Dorian Gray, the conscienceless, amoral psychopath, destroying those around him in order that he might suspend his own palpable mortality, is also a character out of late Victorian Gothic melodrama redolent of the work of Mary Shelley and Bram Stoker. Apart from Sir Henry, Basil and Dorian the rest of the cast function as a chorus, reminiscent of Greek tragedy, that counterpoints Dorian’s rise, decline and fall, appearing at key moments in the play, acting as Dorian’s conscience. Basil Hallward is deeply moral, his portrait is the completion of a moral aesthetic that frames the actions of Dorian Gray but also seems to provide Dorian with a conscience which he disavows anyway. Dorian must kill Hallward in order to destroy any trace of conscience but this does not stop the portrait from recording Dorian’s decline.

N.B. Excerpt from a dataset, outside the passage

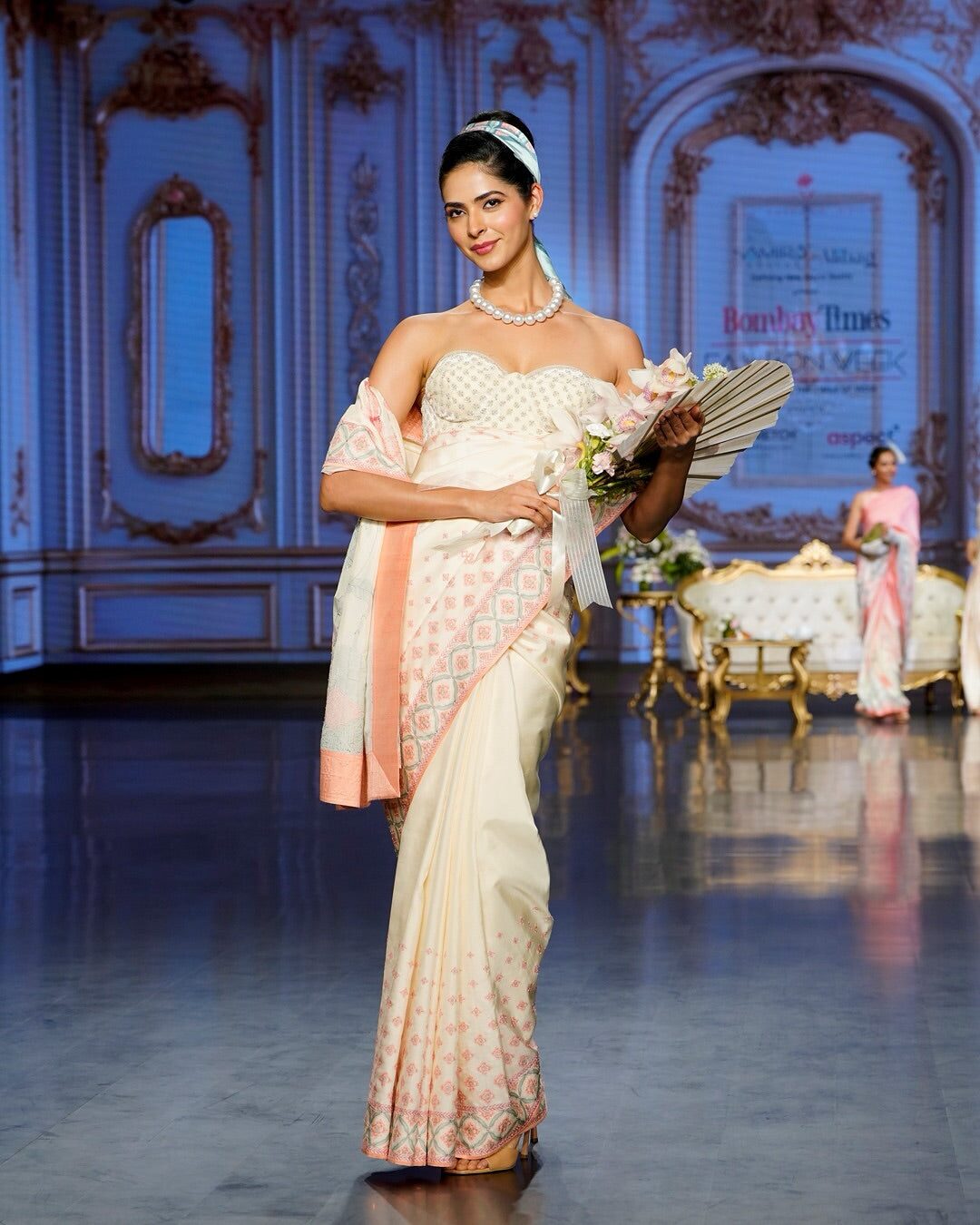 Off White And Ivory Kanjivaram Silk Saree – The Saffron House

Dorian is compelled to view it again in order to realise that its record of the stains on his soul are still multiplying. The chorus returns to condemn Dorian symbolically as the truth about his eternal youthfulness becomes apparent. He has destroyed the lives of Sybil Vane, an actress whose heart he breaks, whose inability to create and re-create her performance of a swooning heroine when Dorian Gray gathers her entire life up, of Basil Hallward, marvcellously portrayed by Frank McCusker, and only Lord Henry his seeming mentor who is finally confined to a wheelchair is a friend. Dorian reveals that he murdered Hallward years ago but Lord Henry refuses to believe him, considering it to be an odd joke. Lord Henry is the epitomy of decadence and self-indulgence, espousing hedonism as a way of life, indeed he may be viewed as a representative of the Victorian philosophy of hedonism as a worldview rather than a tendency. 

Jasper Britton’s Lord Henry really sums up this silky, wretched character and Tom Canton’s Dorian Gray is beautifully athletic, slim, chic and able to summarise the charming psychopath that Dorian becomes. There is a minimal use of mise en scene, meaning stage props, decor although everyone wears period costume. The play seemed to breathe the very essence of Victorian London and this is from a reviewer who has lived in London, endured and survived it. I would recommend this play to anyone and everyone not just devotees of Oscar Wilde’s writings.